Study on alcohol-related accidents confirms danger of travelling in a drink driver’s car

A study on alcohol-related accidents led by Esko Keskinen, Emeritus Professor of Traffic Psychology at Turku University in Finland demonstrates the danger for those who travel in the drink driver’s car.
The study investigated the special characteristics of fatal motor vehicle accidents that occurred while under the influence of alcohol. Material gathered by the road accident investigation teams in Finland between 1999–2008 was used as a basis for the study, which was commissioned by the Traffic Safety Committee of Insurance Companies.
In Finland, one in four fatal accidents is caused by a drink driver and in 92% of cases, those killed in alcohol-related accidents were the drink driver him/herself or a passenger in the car.
In head-on collisions, 84% of fatalities were in the vehicle of the drink driver and 16% in the collision partner’s vehicle. There were very few pedestrian or cyclist fatalities in alcohol-related accidents.
According to Esko Keskinen, drink drivers who have a fatal road accident as a group have multiple problems, with heavy drinking being the key problem and drink driving following from there.
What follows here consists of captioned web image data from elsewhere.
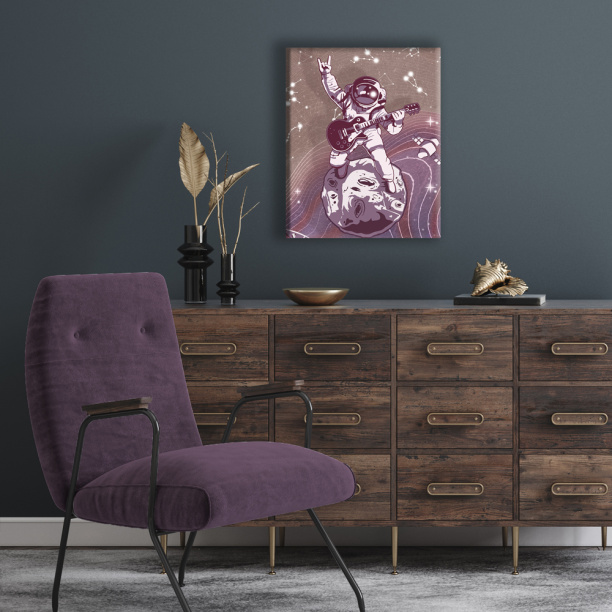 Канвас 70х70 см YOU CAN DO IT от магазина ЛесКонПром.ру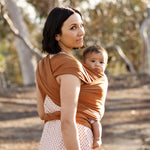 Moby Wrap Evolution - Caramel Moby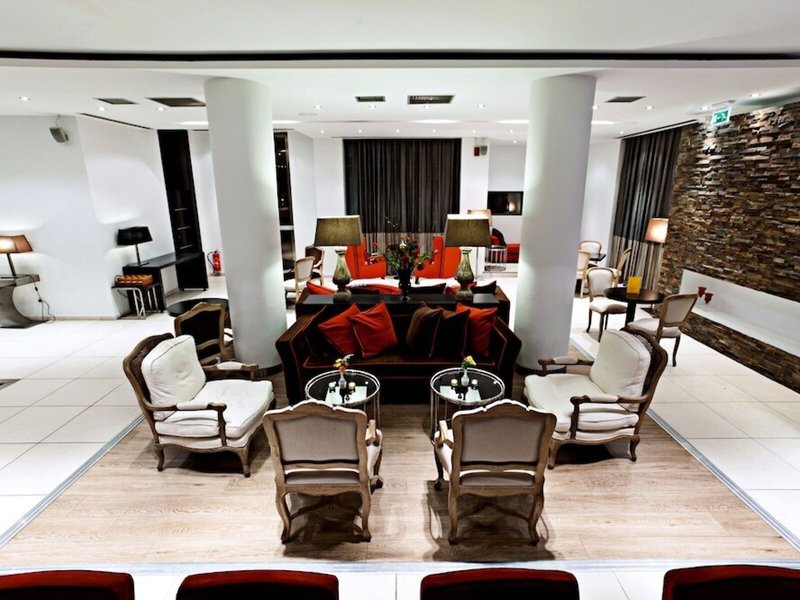 Boutique Hotel Olympus Thea 17 - Restaurant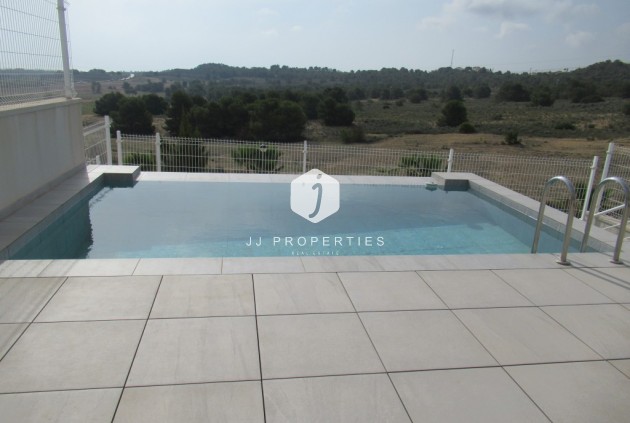 Tweedehands - Villa -
San Miguel de Salinas - Inland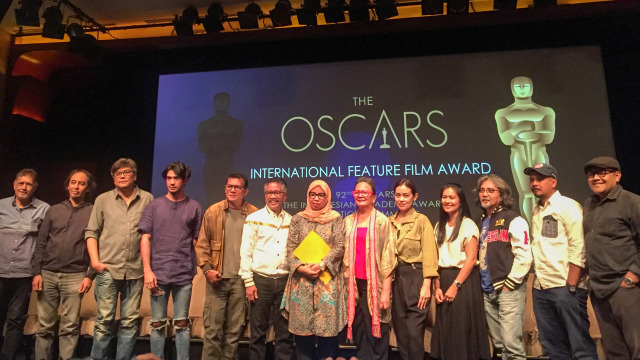Reza Rahadian Ungkap Sulitnya Sebuah Film Masuk Nominasi Oscar (70169)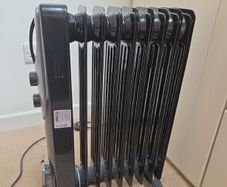 Electric radiator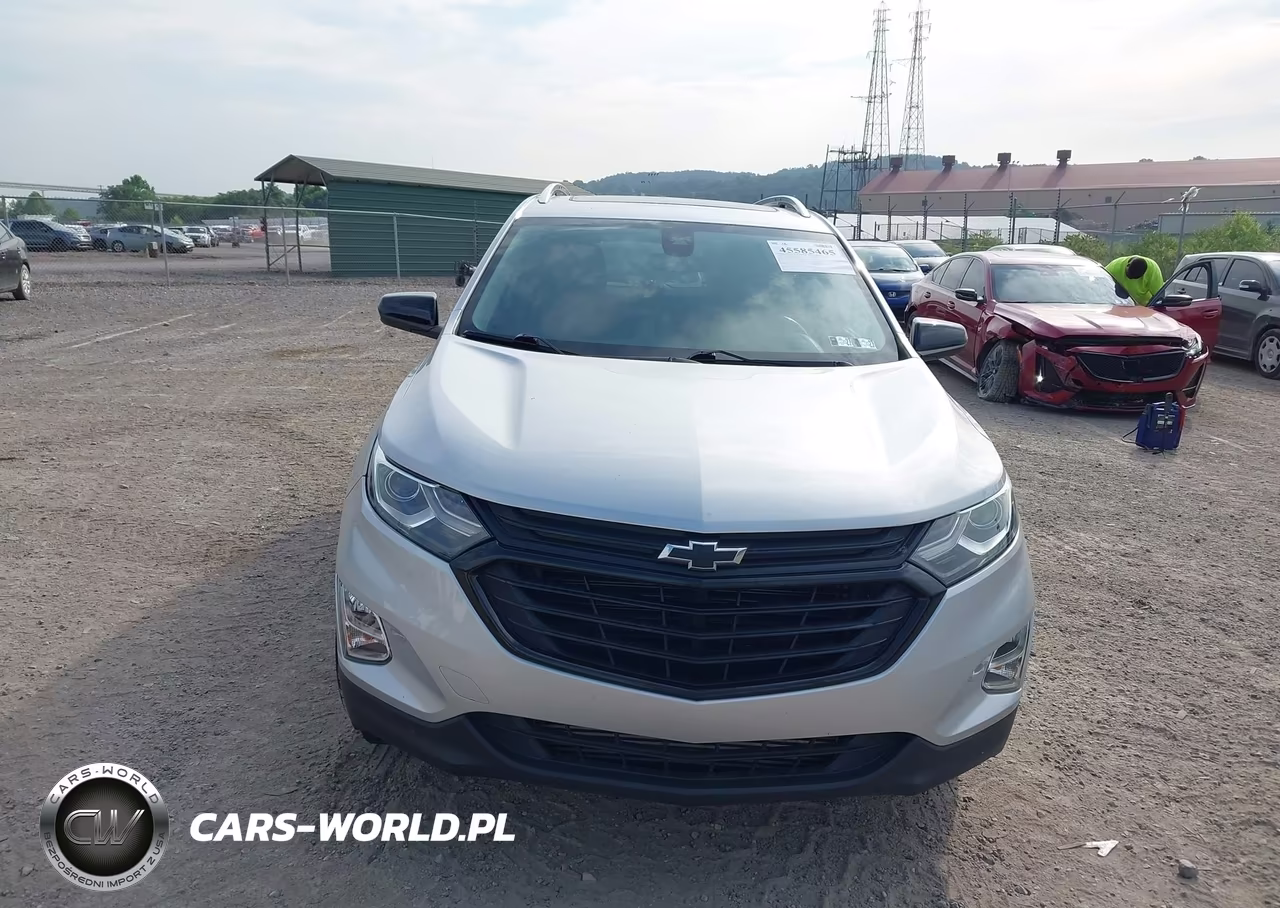 2020 Chevrolet Equinox Awd Lt 1.5L Turbo VIN:3GNAXUEV2LL221058 - 12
Therefore, primary attention should be focused on the treatment of the alcohol problem, he argues.
Other findings include:
The non-use of seatbelts is common in the fatal accidents of drink drivers and their passengers. Speeding by the drink driver was a typical feature in these accidents, and this was particularly highlighted in single-vehicle accidents.
Drivers and passengers who collided with a drink driver had an increased chance of survival if they were wearing a seatbelt and driving within the speed limits.
85% of the drink drivers who caused a fatal accident exceeded BAC of 0.12.
The average drink drivers’ age is rising: last year half of the drink drivers were over the age of 40.
The researchers have come to the conclusion that vehicles with higher impact safety would increase the survival rates of the drink driver and those travelling in the collision partner’s vehicle. Other road safety promotion measures, such as alcohol ignition locks, would also have similar benefits.